# Wireless USB Adapter is not correctly detected by XP



## Jozep33411 (Feb 20, 2012)

Hello I have Windows XP SP3 Desktop. I also have a Cisco AE2500 wireless adapter. When i conect the adapter it does detect it but i go to the device manager and it shows under "unknown" and with a yellow exclamation mark. Most of you will say to update the drivers, but i already did and they are the xp drivers and ive tried uninstalling and reinstalling and it still does not work , Please help if you can and Thank You!

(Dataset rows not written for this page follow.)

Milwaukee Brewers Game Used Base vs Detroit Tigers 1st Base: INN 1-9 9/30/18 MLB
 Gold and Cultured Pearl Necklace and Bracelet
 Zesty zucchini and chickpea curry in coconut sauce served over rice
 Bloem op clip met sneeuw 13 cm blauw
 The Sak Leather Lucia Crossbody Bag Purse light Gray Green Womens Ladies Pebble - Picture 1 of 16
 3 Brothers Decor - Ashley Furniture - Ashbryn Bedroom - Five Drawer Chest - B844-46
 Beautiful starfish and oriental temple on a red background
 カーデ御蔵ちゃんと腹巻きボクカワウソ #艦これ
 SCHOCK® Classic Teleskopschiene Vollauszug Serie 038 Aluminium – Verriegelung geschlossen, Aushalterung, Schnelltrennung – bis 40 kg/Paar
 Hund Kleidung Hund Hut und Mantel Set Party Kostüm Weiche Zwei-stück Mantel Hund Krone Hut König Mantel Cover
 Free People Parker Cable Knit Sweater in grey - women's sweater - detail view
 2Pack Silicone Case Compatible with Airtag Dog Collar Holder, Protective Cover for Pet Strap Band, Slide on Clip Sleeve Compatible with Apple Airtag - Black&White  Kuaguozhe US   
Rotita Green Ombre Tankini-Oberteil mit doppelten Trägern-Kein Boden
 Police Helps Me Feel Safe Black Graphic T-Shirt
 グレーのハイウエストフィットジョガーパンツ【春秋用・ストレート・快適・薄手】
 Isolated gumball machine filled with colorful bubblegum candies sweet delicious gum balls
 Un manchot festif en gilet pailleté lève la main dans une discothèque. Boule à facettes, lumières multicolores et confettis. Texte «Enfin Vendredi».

I am also trying with an net gear n-300

They both work because i have tried them on other xp computers










View Image HERE


----------



## joeten (Dec 4, 2008)

Hi have you tried the driver from here Realtek


----------



## Jozep33411 (Feb 20, 2012)

joeten said:


> Hi have you tried the driver from here Realtek


Realtek is up to date what is not working is the Linksys AE2500 or the N-300 wireless usb adapters. i have tried updating the drivers but it says they are updated and ive tried uninstalling and reinstalling and it still does not work


----------



## joeten (Dec 4, 2008)

Did you select the correct model version Linksys AE2500
checked the FAQ's
Article


----------



## Jozep33411 (Feb 20, 2012)

joeten said:


> Did you select the correct model version Linksys AE2500
> checked the FAQ's
> Article


 
Yes i did and i already checked it was the correct driver and every single thing. I think this problem has something to do with the computer or its configuration.The thing is that i already fixed the registry. so it cannot be that. Thank you for helping me in advance.


----------



## joeten (Dec 4, 2008)

Hi first can I ask you to type so that the text is not spread over quite such a wide area it makes reading a little difficult,have you tried uninstalling the device from device manager and rebooting or doing that with the driver


----------



## Jozep33411 (Feb 20, 2012)

joeten said:


> Hi first can I ask you to type so that the text is not spread over quite such a wide area it makes reading a little difficult,have you tried uninstalling the device from device manager and rebooting or doing that with the driver


 
Hi i am not writing so spread out maybe your computer is reading it like that. And yes i have tried that many times.


----------



## joeten (Dec 4, 2008)

Hi ok found this on MSDN forums by Big Steve (my thanks to him)
I have Win XP SP3 and I was not able to get the setup program to detect the AE2500.

Here's what I did:
1.Went into the services applet and noticed that "Wireless Zero Configuration" service was disabled.
2.Set the startup type for that service to Manual. 
3.Exited the setup program and removed the AE2500 from the USB port. 
4.Exited the services applet. 
5.Restarted the setup program, followed the prompt to insert the AE2500 and it detected it perfectly.
6.Going back into the services applet I saw that the service was started. 

That just had to be it.

I hope this helps someone.


----------



## Jozep33411 (Feb 20, 2012)

joeten said:


> Hi ok found this on MSDN forums by Big Steve (my thanks to him)
> I have Win XP SP3 and I was not able to get the setup program to detect the AE2500.
> 
> Here's what I did:
> ...



I tried it but it was unsuccesful.










I really hope i can get this to work.


----------



## Old Rich (May 31, 2007)

What did you do when you "Fixed" your registry?


----------



## Jozep33411 (Feb 20, 2012)

Old Rich said:


> What did you do when you "Fixed" your registry?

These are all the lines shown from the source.